**Your assignment**
Of the entries below, repeat exactly only those lines from the one containing "Fiat Fiorino fiorino" through the last line, with pictures omitted.

Scraped caption text data:
******
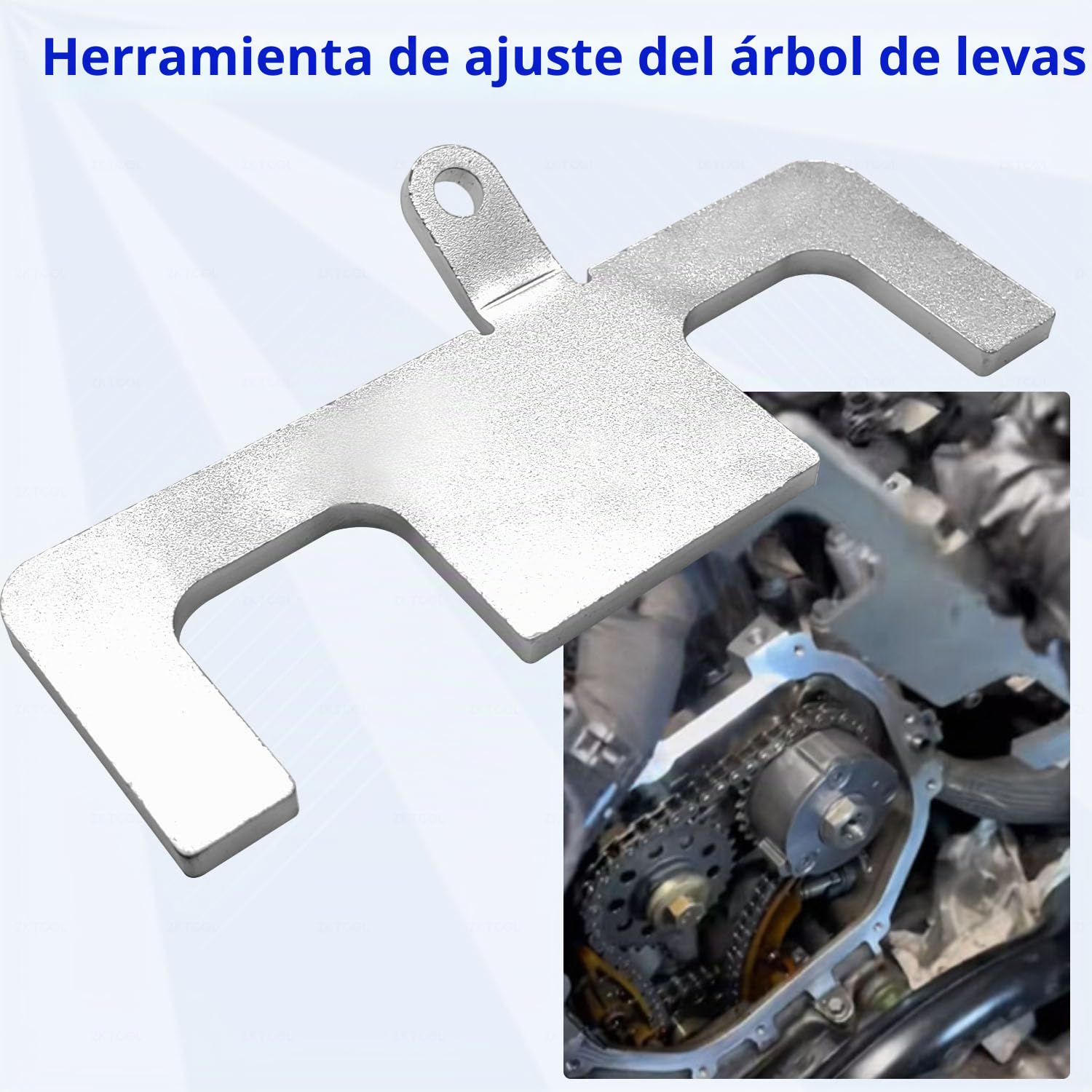 ZKTOOL Kit de Herramientas de Sincronización de Bloqueo del Árbol de Levas Adecuado para Diésel Land Rover Jaguar Aurora 2.0T, Equivalente a OEM JLR-303-1631, JLR-303-1630, JLR-303-1625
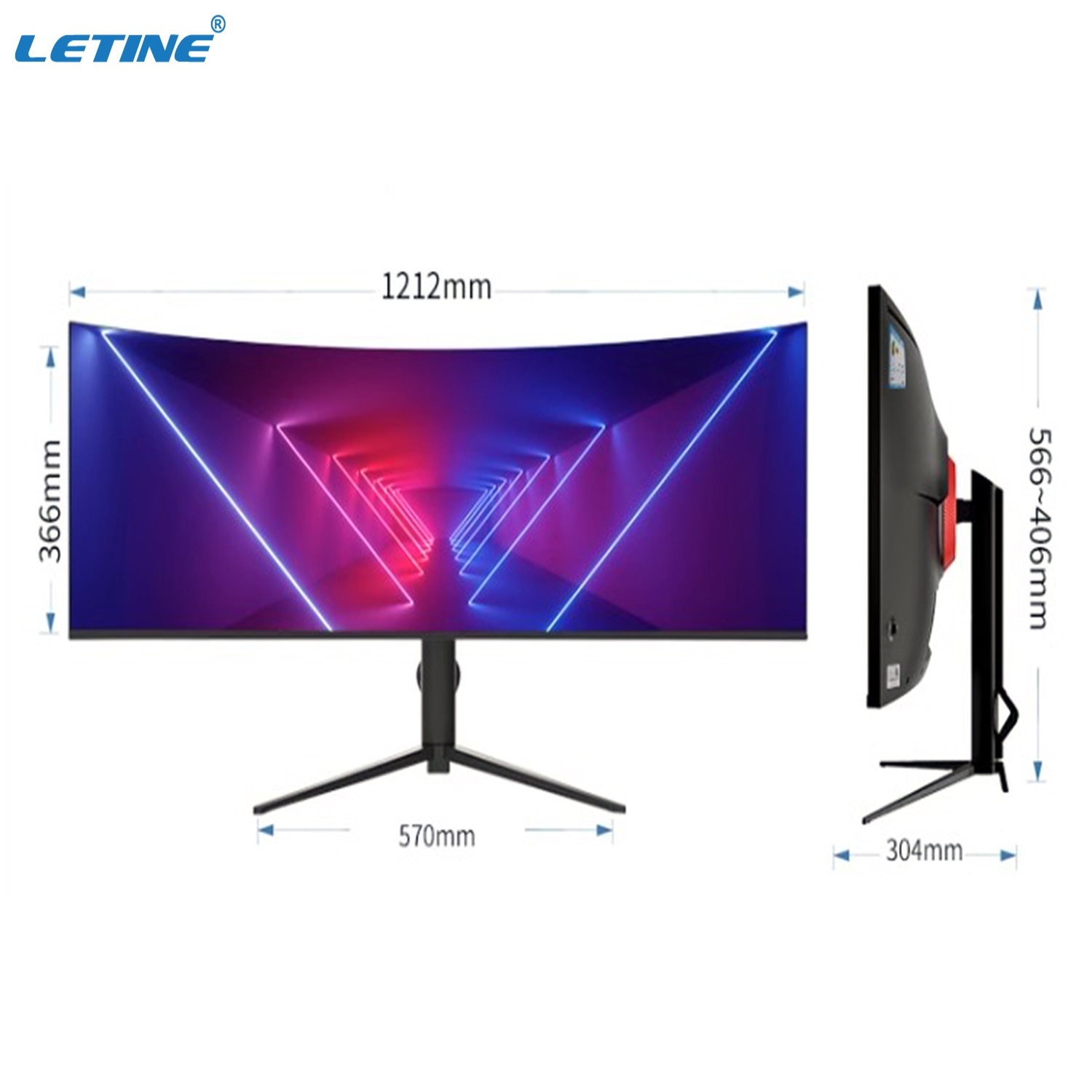 ZJZ High Quality Factory Quota - Gaming Monitor Curved ulasan dan harga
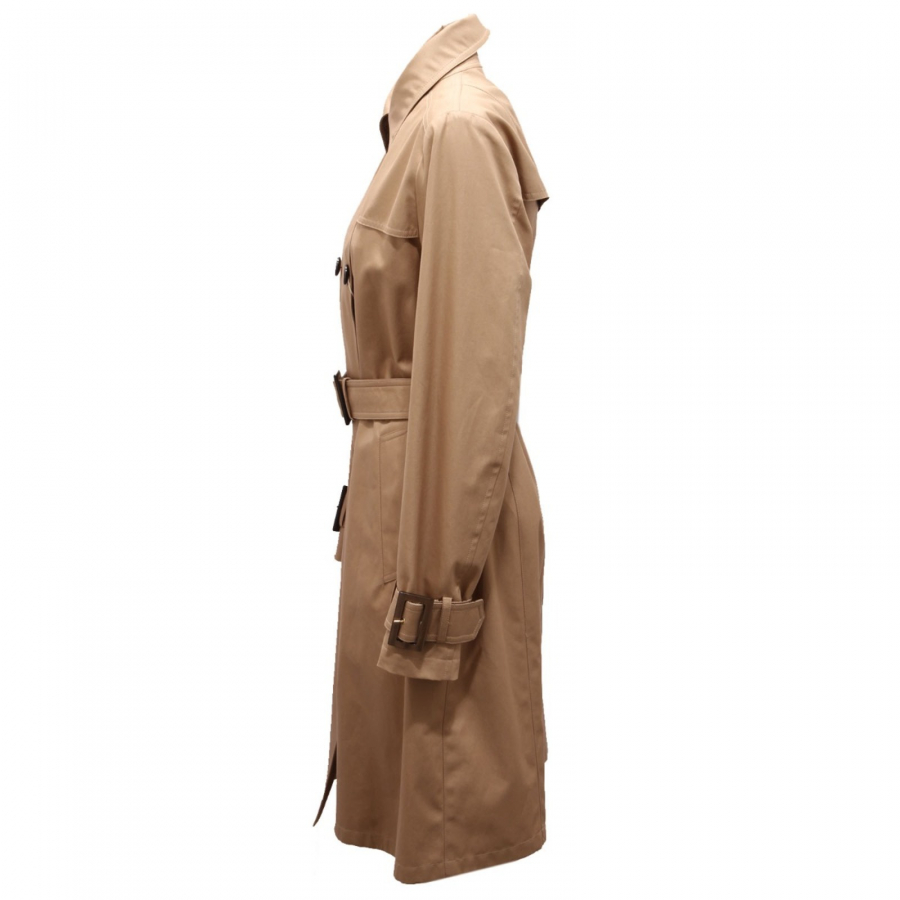 3143AI trench donna HERNO women jacket coat cotton beige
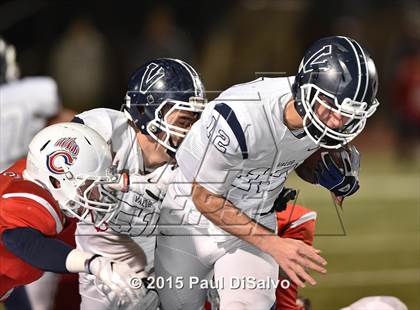 Thumbnail 1 in Valor Christian @ Chaparral  (CHSAA 5A Second Round) photogallery.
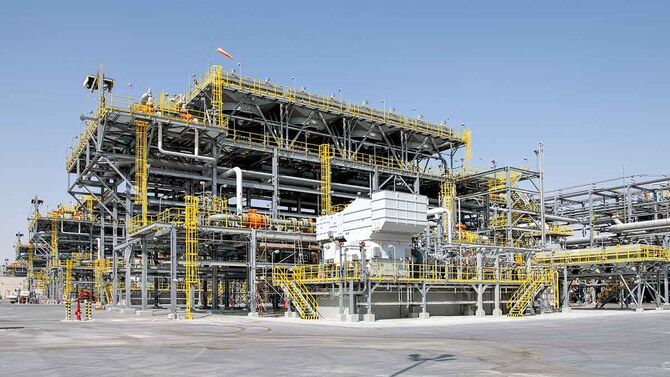 Saudi Arabia Emerges as Global Gas Power Leader with Massive Infrastructure Projects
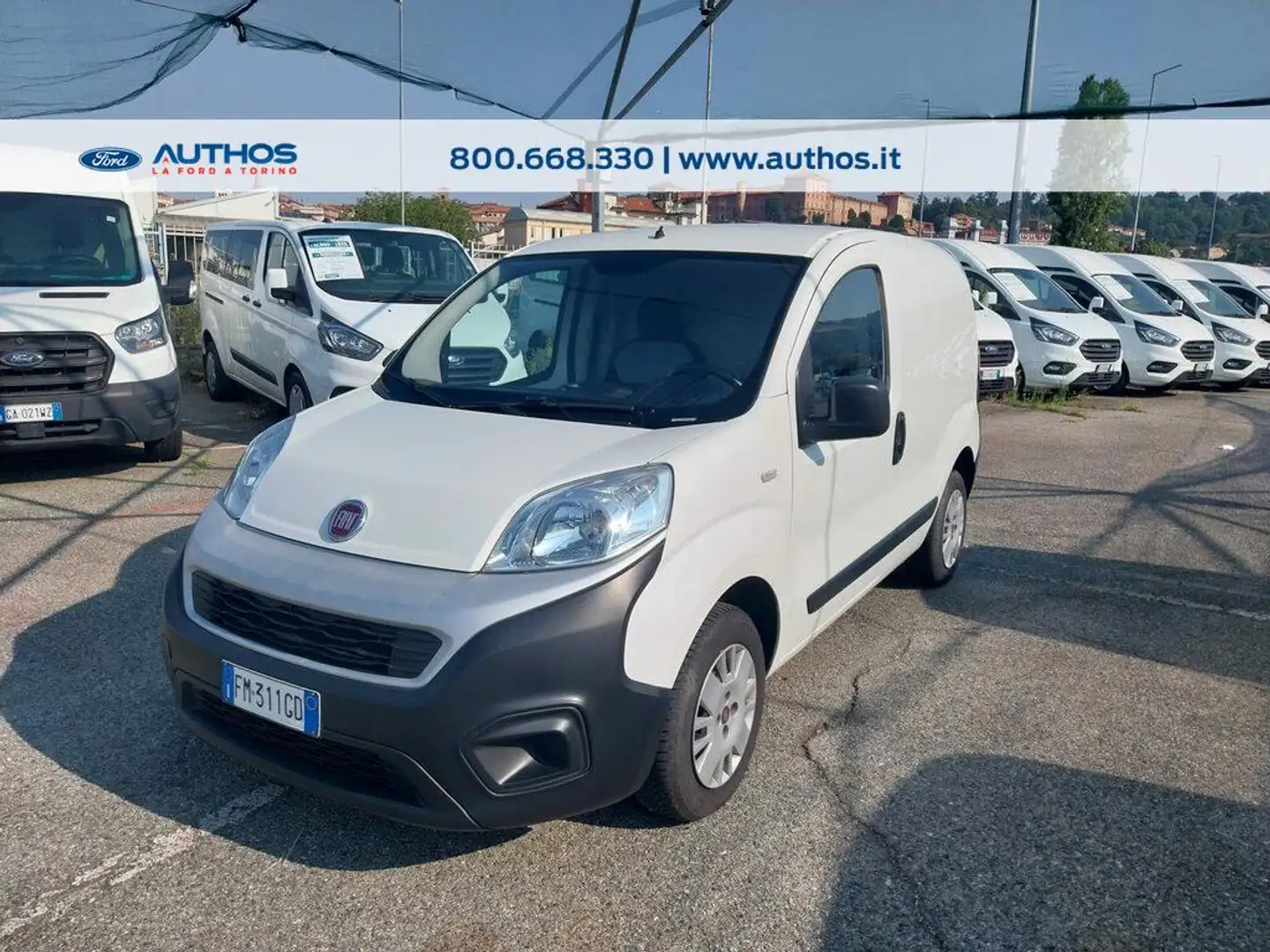 Fiat Fiorino fiorino cargo 1.3 mjt 80cv SX E6 Bianco - 1
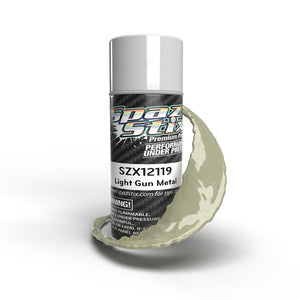 SZX12119 Light Gunmetal Aerosol Paint, 3.5oz Can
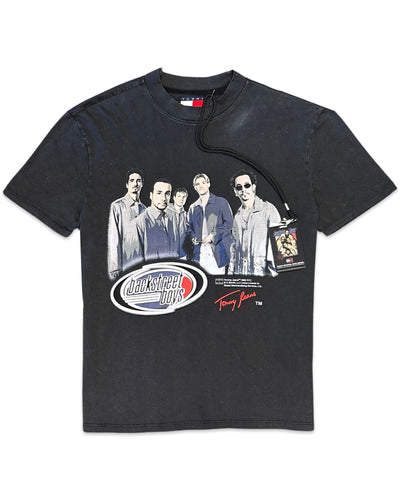 Tommy Jeans (Hilfiger) x Backstreet Boys Short Sleeve T-Shirt ⏐ Size M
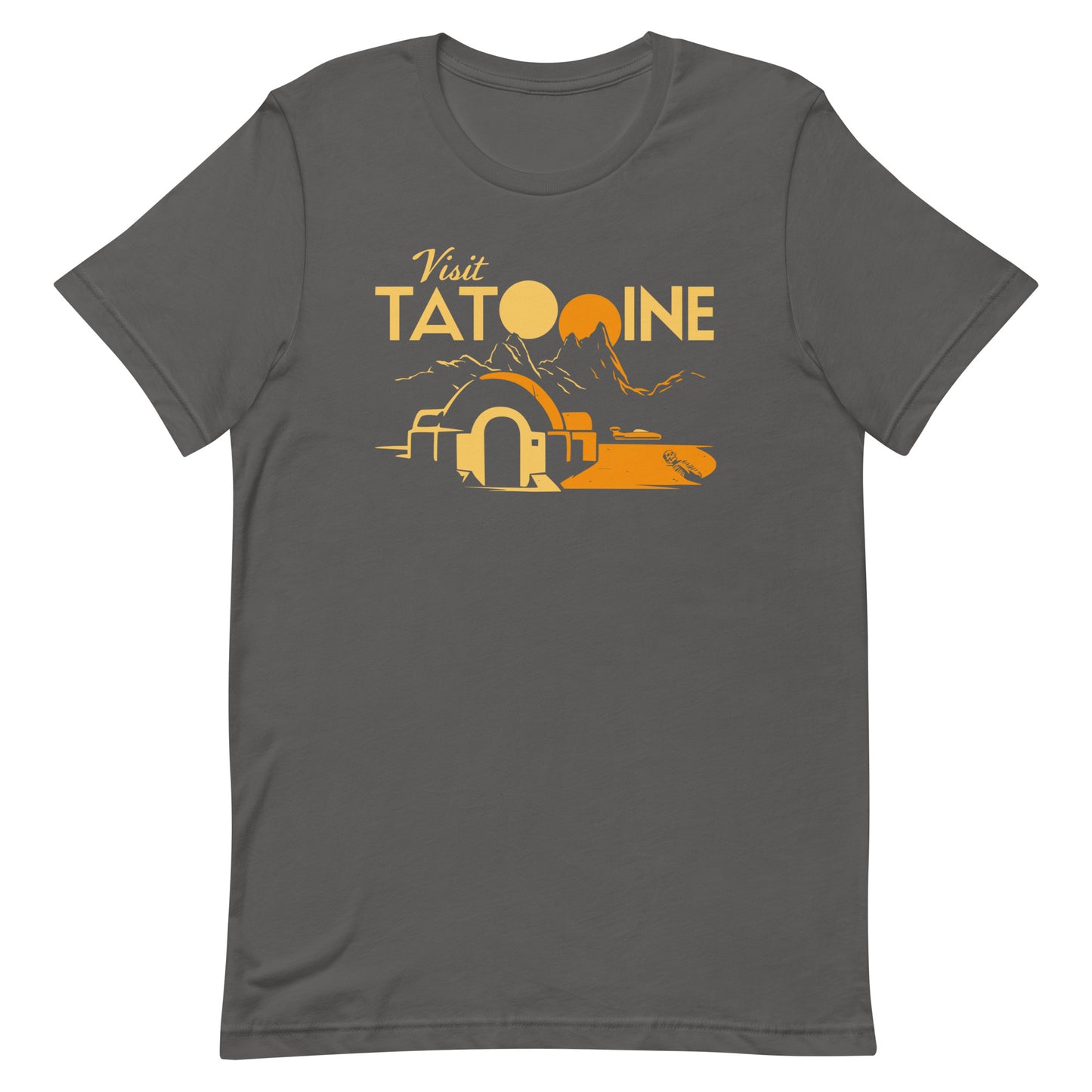 Visit Tatooine Men's Signature Tee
******
**Response to the exercise**
 Fiat Fiorino fiorino cargo 1.3 mjt 80cv SX E6 Bianco - 1
 SZX12119 Light Gunmetal Aerosol Paint, 3.5oz Can
 Tommy Jeans (Hilfiger) x Backstreet Boys Short Sleeve T-Shirt ⏐ Size M
 Visit Tatooine Men's Signature Tee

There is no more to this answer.